Por eso dicen sentirse avalados por el Rey, sin reírse ni nada, insistiendo en que la ley de amnistía (mascarón de proa del autogolpe) se guía por la Constitución. Esta farsa se puede perpetrar tantas veces como haga falta gracias al uso alternativo del Derecho y al abuso del constructivismo jurídico, un exceso de juristas tahúres típico del momento presente y de la actual mayoría del TC. Explicarlo nos ocuparía demasiado espacio, pueden encontrarlo fácilmente en Google. Les recomiendo la pieza que al respecto publicó Manuel Aragón en El Mundo el pasado 20 de septiembre, de la que extraigo dos citas. La primera anuencia lo que viene: «La Constitución dejaría de ser norma jurídica con fuerza de obligar, perdiendo la condición esencial de todo Derecho: garantizar la seguridad jurídica». La segunda es una precisión técnica: «No puede hablarse de constructivismo jurídico cuando lo que se pretendiera realizar es un falseamiento de la Constitución». Pues eso es lo que piensa hacer el PSOE valiéndose de Conde Pumpido: consumar su golpe sin renegar formalmente de la Constitución.

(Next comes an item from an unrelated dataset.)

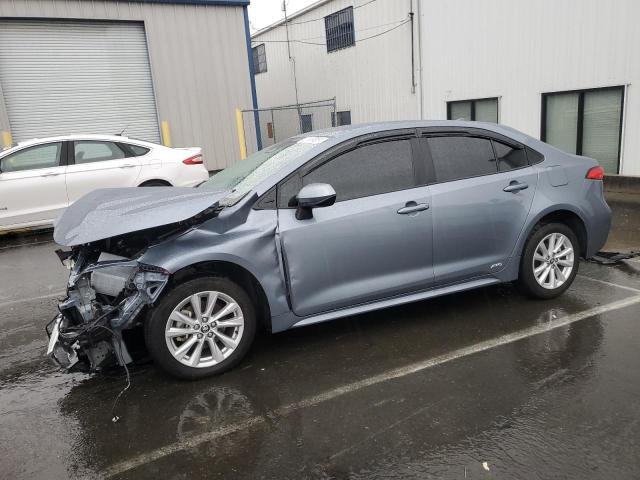 TOYOTA COROLLA LE 2024 with VIN JTDBDMHE3RJ004541 - Photo from auction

Menos arteros, aunque más golpistas aún, los separatas catalanes no tienen bastante con que les proporcionen una soberanía de hecho, fiscalidad propia y única, pomposa representación oficial internacional, sustracción de las leyes (empezando por el Código Penal) y un referéndum de autodeterminación. Mentecatos como son, Puigdemont y Junqueras (este último arrastrado a una competición por el premio al más antiespañol del siglo), un prófugo enajenado y un delincuente a punto de dejar de serlo por voluntad de Sánchez, requieren más: exigen que todas estas quiebras de la ley sean explícitas. Quieren juzgar públicamente a los jueces que les juzgaron, quieren insultarlos, quieren que la violación en manada de la Constitución sea ritualmente celebrada, que se abomine públicamente de la Superley; que, cuando el Rey la defienda, el nuevo Frente Popular lo desautorice de mala manera. Que cuando se pronuncie sobre la unidad de España que él mismo simboliza, el Gobierno Sánchez, que trabaja contra esa unidad, lo proclame a los cuatro vientos: «¡Estamos rompiendo España! ¡Ja, ja ja!» O sea, son tontos de remate. Por eso Sánchez se fía más de los herederos de la ETA que de los majaderos epígonos de Companys.